■ **WHAT IS EXPECTED**
Within the records below, reproduce without change the lines from the line that has "China Stock 140W-C/MD/ME/MF" through the line that has "NNEDSZ 8x Velvet", and only those.

(Entries taken from a collection)
---*---
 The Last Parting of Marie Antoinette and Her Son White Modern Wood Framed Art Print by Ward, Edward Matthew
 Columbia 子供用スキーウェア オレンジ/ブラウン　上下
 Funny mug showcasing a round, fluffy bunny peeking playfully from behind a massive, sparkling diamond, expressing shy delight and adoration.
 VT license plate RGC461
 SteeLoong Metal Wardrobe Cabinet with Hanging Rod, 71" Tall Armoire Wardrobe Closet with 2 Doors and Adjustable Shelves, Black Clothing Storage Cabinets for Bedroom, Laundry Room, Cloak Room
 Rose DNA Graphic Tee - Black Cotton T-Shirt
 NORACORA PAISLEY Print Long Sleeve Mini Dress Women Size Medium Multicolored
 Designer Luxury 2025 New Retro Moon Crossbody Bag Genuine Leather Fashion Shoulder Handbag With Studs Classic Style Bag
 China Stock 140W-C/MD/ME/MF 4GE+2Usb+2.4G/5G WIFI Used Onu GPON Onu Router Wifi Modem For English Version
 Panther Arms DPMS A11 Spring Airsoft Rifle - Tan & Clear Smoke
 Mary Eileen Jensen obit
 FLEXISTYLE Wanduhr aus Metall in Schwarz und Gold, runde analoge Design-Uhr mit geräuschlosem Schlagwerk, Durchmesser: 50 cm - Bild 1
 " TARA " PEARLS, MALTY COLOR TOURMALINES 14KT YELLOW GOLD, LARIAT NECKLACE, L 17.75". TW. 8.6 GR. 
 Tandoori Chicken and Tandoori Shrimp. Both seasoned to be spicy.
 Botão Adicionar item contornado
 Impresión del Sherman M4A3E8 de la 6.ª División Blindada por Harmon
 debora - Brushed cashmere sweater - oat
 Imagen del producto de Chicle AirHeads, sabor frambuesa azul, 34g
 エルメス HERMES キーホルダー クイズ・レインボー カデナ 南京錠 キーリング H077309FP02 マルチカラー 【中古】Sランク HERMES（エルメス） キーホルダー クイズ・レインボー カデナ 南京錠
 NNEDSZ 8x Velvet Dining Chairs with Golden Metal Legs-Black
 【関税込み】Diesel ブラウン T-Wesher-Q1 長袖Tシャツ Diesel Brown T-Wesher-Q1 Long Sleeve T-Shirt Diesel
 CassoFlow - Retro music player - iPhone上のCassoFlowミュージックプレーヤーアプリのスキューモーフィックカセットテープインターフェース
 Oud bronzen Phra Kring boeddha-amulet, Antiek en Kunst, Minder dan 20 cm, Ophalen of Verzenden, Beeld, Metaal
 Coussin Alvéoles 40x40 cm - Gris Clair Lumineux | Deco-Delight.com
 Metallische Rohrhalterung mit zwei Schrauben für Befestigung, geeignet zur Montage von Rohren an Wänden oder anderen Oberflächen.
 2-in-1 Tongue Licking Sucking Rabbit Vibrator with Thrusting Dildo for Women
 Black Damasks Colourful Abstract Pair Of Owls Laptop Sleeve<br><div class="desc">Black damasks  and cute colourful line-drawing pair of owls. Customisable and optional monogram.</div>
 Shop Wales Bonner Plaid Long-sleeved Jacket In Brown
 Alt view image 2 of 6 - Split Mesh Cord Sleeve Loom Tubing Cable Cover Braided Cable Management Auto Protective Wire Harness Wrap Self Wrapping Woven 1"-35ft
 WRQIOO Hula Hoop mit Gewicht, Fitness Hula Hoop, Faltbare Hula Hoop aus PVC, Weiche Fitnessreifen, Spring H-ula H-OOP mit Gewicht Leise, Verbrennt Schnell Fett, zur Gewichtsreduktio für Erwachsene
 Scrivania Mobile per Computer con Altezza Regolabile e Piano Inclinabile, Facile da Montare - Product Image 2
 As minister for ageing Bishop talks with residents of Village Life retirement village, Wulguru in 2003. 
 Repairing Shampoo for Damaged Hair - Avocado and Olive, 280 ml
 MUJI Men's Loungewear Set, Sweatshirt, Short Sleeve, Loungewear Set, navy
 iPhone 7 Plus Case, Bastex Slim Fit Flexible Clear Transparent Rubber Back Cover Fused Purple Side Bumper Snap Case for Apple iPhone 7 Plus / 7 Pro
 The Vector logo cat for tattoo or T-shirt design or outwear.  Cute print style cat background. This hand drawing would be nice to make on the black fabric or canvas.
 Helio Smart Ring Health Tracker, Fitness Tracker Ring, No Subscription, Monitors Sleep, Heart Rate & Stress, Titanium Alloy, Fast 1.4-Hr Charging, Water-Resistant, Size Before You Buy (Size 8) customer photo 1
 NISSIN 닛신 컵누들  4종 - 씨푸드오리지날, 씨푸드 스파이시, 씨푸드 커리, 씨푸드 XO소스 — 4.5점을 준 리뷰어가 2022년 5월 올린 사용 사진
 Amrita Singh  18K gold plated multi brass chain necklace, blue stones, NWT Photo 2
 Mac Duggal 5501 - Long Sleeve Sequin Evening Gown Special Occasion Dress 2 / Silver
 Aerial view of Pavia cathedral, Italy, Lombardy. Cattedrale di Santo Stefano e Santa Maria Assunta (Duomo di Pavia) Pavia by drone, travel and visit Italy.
---*---
■ **WRITTEN RESPONSE**
 China Stock 140W-C/MD/ME/MF 4GE+2Usb+2.4G/5G WIFI Used Onu GPON Onu Router Wifi Modem For English Version
 Panther Arms DPMS A11 Spring Airsoft Rifle - Tan & Clear Smoke
 Mary Eileen Jensen obit
 FLEXISTYLE Wanduhr aus Metall in Schwarz und Gold, runde analoge Design-Uhr mit geräuschlosem Schlagwerk, Durchmesser: 50 cm - Bild 1
 " TARA " PEARLS, MALTY COLOR TOURMALINES 14KT YELLOW GOLD, LARIAT NECKLACE, L 17.75". TW. 8.6 GR. 
 Tandoori Chicken and Tandoori Shrimp. Both seasoned to be spicy.
 Botão Adicionar item contornado
 Impresión del Sherman M4A3E8 de la 6.ª División Blindada por Harmon
 debora - Brushed cashmere sweater - oat
 Imagen del producto de Chicle AirHeads, sabor frambuesa azul, 34g
 エルメス HERMES キーホルダー クイズ・レインボー カデナ 南京錠 キーリング H077309FP02 マルチカラー 【中古】Sランク HERMES（エルメス） キーホルダー クイズ・レインボー カデナ 南京錠
 NNEDSZ 8x Velvet Dining Chairs with Golden Metal Legs-Black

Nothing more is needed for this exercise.